Last night, the Legislature wrapped up the first year of the two-year legislative session. Our legislative team just met and debriefed on the shenanigans of the last week and, I'm happy to say, community colleges fared quite well.
In the last couple of weeks of session, our team was working on hyper-technical issues, but ones that have a significant impact on our colleges.
The first big issue was seeking legislative reauthorization to backfill redevelopment funds promised to community colleges in the 2012-13 fiscal year that never materialized. We succeeded by getting language in SB 97 and AB 103.
We also had a significant, but under-the-radar issue related to property taxes and the County of Orange. It's a long story, but a court recently found that community colleges were shorted $18.9 million over the 2011-12 and 2012-13 fiscal years because of a local revenue dispute.
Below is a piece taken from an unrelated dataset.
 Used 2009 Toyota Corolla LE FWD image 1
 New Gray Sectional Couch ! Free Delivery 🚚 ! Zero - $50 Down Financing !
Because of the work of our team over the last 72 hours, we believe the issue will be resolved in the state budget acts over the next two years.
We have had a lot of inquiries over AB 955 (Williams), which would allow selected colleges to pilot full cost of instruction courses during intersessions. The League did not take a position on this bill, as we recognized that perspectives were quite different, as are the needs of our colleges. The bill reached the governor's desk and, if he signs it, it will be up to the six colleges specified in the bill--College of the Canyons, Crafton Hills College, Long Beach City College, Oxnard College, Pasadena City College, Solano Community College--to decide whether to offer cost-for-service courses for intersessions. Those are the only colleges that are given permission for a limited cost-for-service intersession program, and it's up to those colleges whether to offer such a program.
Additionally, we succeeded in making SB 173 (Liu) a two-year bill. The bill would have prematurely narrowed the scope of adult education at all of our colleges, rather than the collaborative and deliberative process among K-12 schools and community colleges outlined in this year's budget act.
It's been a great legislative year, starting with the success of Proposition 30 last November, which prevented an additional $545 million in cuts to community colleges.
But, we have work to do. Access to a quality community college education has never been adequately funded in community colleges, and the cuts in recent years has exacerbated that. The people that are most disadvantaged are those at the lowest rung of the economic and educational ladder in California, and it is our responsibility to advocate for resources and strategies to lift them up.
Our legislative team is prepared to be aggressive and bold next year to fight for true higher education equity in California, and I hope you'll be part of our effort. For now, thank you for your advocacy throughout this legislative session, and thank you what you do for America's largest and greatest system of public higher education.